In 2009, Valley View Medical Center advised the Arizona Medical Board (the “Board”) that a member of its medical staff, Shakeel Kahn, had been summarily suspended for conduct that may have constituted unprofessional conduct. Following an investigation, the Board’s medical consultant, Kathleen Coffer, submitted a report opining that Kahn had fallen below the standard of care in treating at least one of his patients. The Board subsequently filed a formal complaint against Kahn.
The parties participated in an evidentiary hearing before an Administrative Law Judge (“ALJ”), who concluded that Kahn had deviated from the standard of care and recommended that the Board issue a letter of reprimand. At its August 11, 2010 meeting, the Board adopted the ALJ’s recommended decision and voted unanimously to issue a letter of reprimand. The nurse-member position of the Board was vacant at that time. The other eleven members of the Board were present at the meeting.
Kahn subsequently filed a complaint for judicial review in the superior court and the court confirmed the Board’s decision. Kahn timely appealed, arguing that the vacant position precluded the Board from taking disciplinary action against him and that Coffer could not offer standard of care testimony against him because she did not satisfy the expert witness qualifications set forth in A.R.S. § 12-2604.
The Arizona Court of Appeals summarily rejected Kahn’s contention that the Board could not take disciplinary action against him. A.R.S. § 32-1404(B) authorizes the Board to “take any action” by “[a] majority vote of the quorum.” By statute, the “presence of seven board members at a meeting constitutes a quorum.” Id.

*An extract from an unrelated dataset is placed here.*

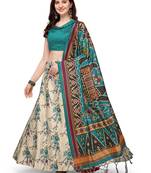 Cream printed silk unstitched lehenga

Because there were eleven members of the Board present in the meeting and they unanimously voted to issue the letter of reprimand, the Board acted within its statutory authority.
The Court also rejected the contention that Coffer could not testify pursuant to A.R.S. § 12-2604(A), which dictates qualifications for expert witnesses in medical malpractice action, because there is nothing in A.R.S. § 32-1401 to suggest that Board disciplinary proceedings are subject to § 12-2604(A). By its terms, A.R.S. § 12-2604(A) only applies to “action[s] alleging medical malpractice”, which the legislature has defined “medical malpractice action” as one “for injury or death against a licensed health care provider.” A.R.S. § 12-561(2). The Court concluded that the requirements set forth in A.R.S. § 12-2604 do not apply in the Board’s disciplinary proceedings because they simply do not fall within this definition.
Judge Downie authored the opinion; Judges Portley and Hall concurred.